Task objective: Begin at the line containing "From 10 to 50" in the entries below and end at the line containing "Second-hand car spare"; transcribe that range exactly and nothing outside it.
● ● ● ● ● ● ●
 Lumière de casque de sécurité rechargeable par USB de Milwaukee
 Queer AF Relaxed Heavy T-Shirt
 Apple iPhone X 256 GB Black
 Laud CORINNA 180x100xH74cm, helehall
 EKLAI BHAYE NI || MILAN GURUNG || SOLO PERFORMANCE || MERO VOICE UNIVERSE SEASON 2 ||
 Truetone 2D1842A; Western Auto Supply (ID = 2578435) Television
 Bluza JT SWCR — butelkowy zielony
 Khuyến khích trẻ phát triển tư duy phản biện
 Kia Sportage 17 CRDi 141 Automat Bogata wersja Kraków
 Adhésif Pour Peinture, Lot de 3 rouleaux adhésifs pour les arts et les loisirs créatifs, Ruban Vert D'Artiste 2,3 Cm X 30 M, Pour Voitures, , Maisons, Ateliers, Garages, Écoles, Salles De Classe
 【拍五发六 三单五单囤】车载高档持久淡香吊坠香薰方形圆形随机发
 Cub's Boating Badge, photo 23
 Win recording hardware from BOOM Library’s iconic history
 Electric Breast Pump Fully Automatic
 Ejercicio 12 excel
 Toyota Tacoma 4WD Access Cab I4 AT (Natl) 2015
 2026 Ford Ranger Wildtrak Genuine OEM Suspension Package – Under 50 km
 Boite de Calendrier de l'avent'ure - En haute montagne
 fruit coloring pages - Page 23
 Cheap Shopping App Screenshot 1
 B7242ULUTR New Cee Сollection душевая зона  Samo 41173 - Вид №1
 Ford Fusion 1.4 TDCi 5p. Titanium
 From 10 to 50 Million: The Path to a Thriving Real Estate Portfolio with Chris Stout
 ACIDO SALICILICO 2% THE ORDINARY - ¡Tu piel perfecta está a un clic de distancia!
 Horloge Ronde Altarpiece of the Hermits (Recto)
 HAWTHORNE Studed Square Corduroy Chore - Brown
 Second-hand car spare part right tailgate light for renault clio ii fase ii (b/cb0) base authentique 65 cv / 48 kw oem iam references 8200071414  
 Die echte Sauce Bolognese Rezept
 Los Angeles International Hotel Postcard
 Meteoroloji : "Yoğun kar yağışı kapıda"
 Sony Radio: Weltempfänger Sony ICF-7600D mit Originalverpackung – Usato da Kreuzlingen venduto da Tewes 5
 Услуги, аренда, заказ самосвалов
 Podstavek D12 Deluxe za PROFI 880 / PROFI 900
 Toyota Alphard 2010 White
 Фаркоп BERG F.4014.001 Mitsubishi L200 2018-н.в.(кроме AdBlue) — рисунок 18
● ● ● ● ● ● ●
Exercise response:
 From 10 to 50 Million: The Path to a Thriving Real Estate Portfolio with Chris Stout
 ACIDO SALICILICO 2% THE ORDINARY - ¡Tu piel perfecta está a un clic de distancia!
 Horloge Ronde Altarpiece of the Hermits (Recto)
 HAWTHORNE Studed Square Corduroy Chore - Brown
 Second-hand car spare part right tailgate light for renault clio ii fase ii (b/cb0) base authentique 65 cv / 48 kw oem iam references 8200071414  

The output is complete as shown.